One of the most important technical cultural monuments of the early Middle Ages is to be found near the village of Graben, between the Altmühl and Rezat rivers: it is the Fossa Carolina ("Karlsgraben"), which has been included in the list of the "100 most beautiful geotopes of Bavaria" by the Bavarian Regional Bureau for Environment. It was the first attempt to connect the Rhine, Main and Danube rivers with a waterway. Today, a 500 m long water surface and the pertaining earth banks still testify to it.
Graben is located on the main European watershed, where the Rhine and Danube river systems converge: they are just a few kilometres far from each other and are divided only by a low hill. The peculiarity of this condition is due to the local geology: 15 million years ago (before the formation of the Ries crater) the Palaeo-Main flew in this part of the Danube valley.

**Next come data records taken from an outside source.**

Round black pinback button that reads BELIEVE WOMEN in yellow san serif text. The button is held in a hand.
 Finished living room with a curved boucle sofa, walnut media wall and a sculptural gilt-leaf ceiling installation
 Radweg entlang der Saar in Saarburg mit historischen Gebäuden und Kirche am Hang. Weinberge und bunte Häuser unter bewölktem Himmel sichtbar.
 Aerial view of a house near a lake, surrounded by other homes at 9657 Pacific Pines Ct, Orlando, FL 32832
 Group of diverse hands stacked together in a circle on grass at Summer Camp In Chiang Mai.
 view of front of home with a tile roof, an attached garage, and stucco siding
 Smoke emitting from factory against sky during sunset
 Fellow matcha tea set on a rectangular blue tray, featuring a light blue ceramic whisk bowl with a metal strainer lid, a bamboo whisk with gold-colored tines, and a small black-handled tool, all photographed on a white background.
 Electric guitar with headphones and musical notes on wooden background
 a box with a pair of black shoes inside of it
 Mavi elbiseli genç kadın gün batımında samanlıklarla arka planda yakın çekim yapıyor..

Emperor Charlemagne wanted to take advantage of this geographic proximity and in 793, he ordered a 3 km-long canal to be built here. He meant it to be a way to reach the south-eastern part of his empire by ship, where he was waring with the Avars. Unfortunately, the Frank engineers run into unexpected difficulties: continuous rain and marshy ground caused severe problems and the bad news coming from the north-eastern lands of the empire even worsened the situation. The work was abandoned and Charlemagne could never see his dream coming true.
The remains of the Fossa Carolina near Graben still testify to the importance of one of the main geo-engineering plans of the Middle Ages and is the most important archaeological monument of Carolingian age in Franconia.